Im Internet finden sich die Quellen und Binaries für den ATARI auf dem ftp-Server ftp.uni-mainz.de in /pub/Linux/680xO/ ATARI. Weitere Quellen und vorcompi-lierte Tools (s. Liste) finden sich auf den Servern ftp.uni-erlangen.de in /pub/Linux/ MIRROR.tsx-11/680x0 und ftp.uni-pader-bom.de in /pub/linux/tsx/680xO. Mit den auf diesen Systemen für Linux verfügbaren Tools sollten sich die Quellen nahezu beliebiger anderer Software-Pakete für Unix compilieren lassen, sofern diese keine Voraussetzungen erfordern, die das ATARI Linux in der aktuellen Version noch nicht mit sich bringt.

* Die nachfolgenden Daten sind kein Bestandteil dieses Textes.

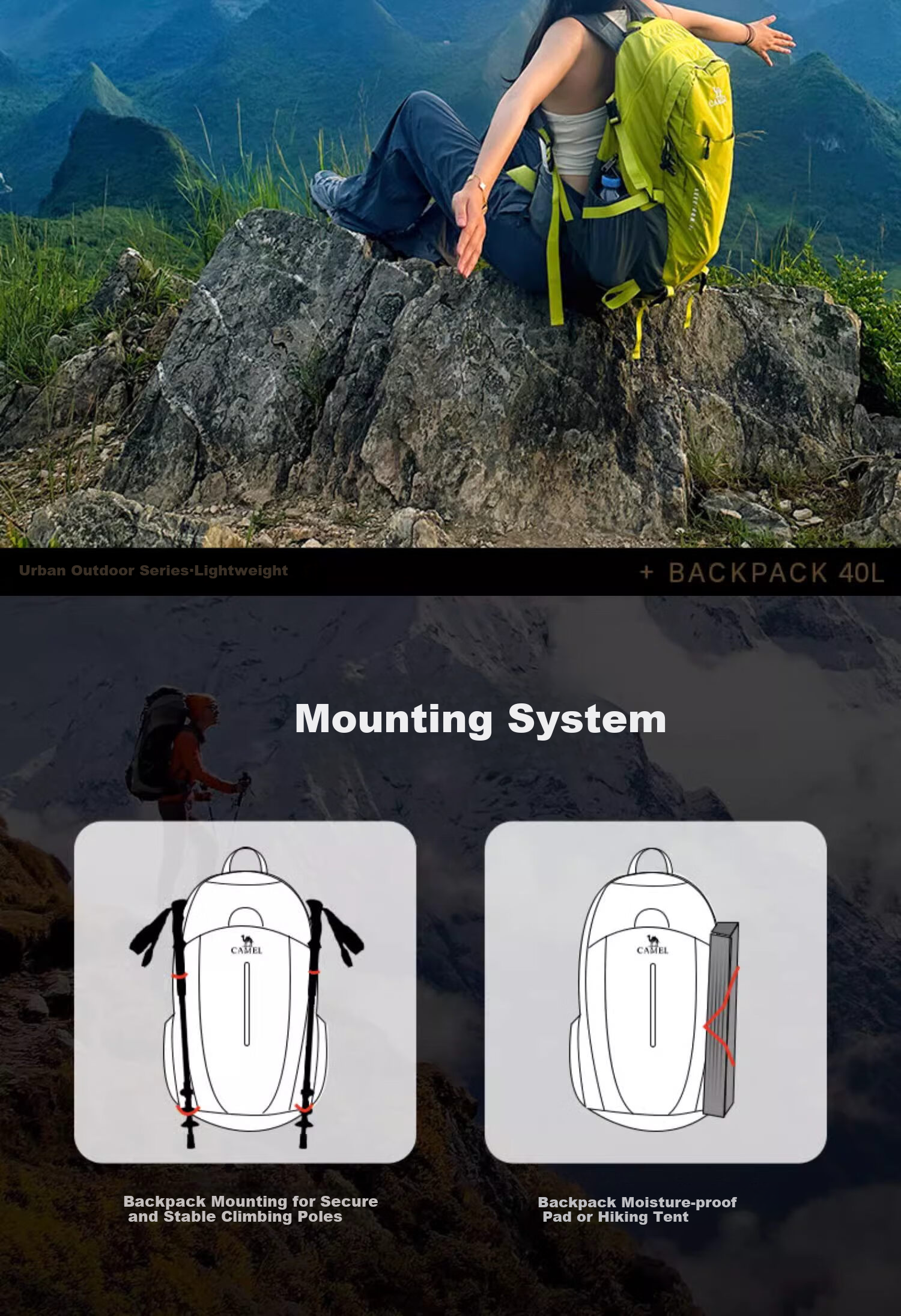 CAMEL Outdoor Hiking Backpack, Professional Trekking Waterproof Travel Water-Resistant Lightweight Rucksack, Double Shoulder Bag, 574D789643 10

Ein Wort noch zur Versionsnummer: 0.9 mag sich nach einem Produkt anhören, daß noch weit vom Endstadium entfernt ist. Dies ist aber ein Trugschluß. Der eigentliche Betriebssystem-Kernel ist bereits auf dem Stand des PC-Linux 1.x. Was Linux für den ATARI in der Hauptsache fehlt, sind gewisse Treiber, beispielsweise für die seriellen Schnittstellen oder TCP/ IP-Treiber für VME-Netzwerkkarten für den TT. In der jetzigen Phase spielen diese Treiber aber zunächst einmal eine eher untergeordnete Rolle.

Nur keine Scheu

Auch wenn der große Ressourcenbedarf von Unix zunächst abschreckend wirken mag, wird das für viele Anwender kein ernsthaftes Hindernis sein, sich mit Linux zu beschäftigen. Wer sich über den ATARI-Tellerrand hinausbewegt und sich nicht ausschließlich in Richtung DOS/Windows oder Macintosh orientiert, wird mit Sicherheit über Unix stolpern. Und da ist es doch eine schöne Sache, wenn man dieses System mit seiner bewährten Hardware nutzen kann. Als Belohnung winkt ein hochinteressantes, stabiles Betriebssystem mit einem perfekten Multitasking und einer hohen Portabilität von C-Quellen. Und das sind Eigenschaften, die bei weitem nicht jede andere Plattform bieten kann.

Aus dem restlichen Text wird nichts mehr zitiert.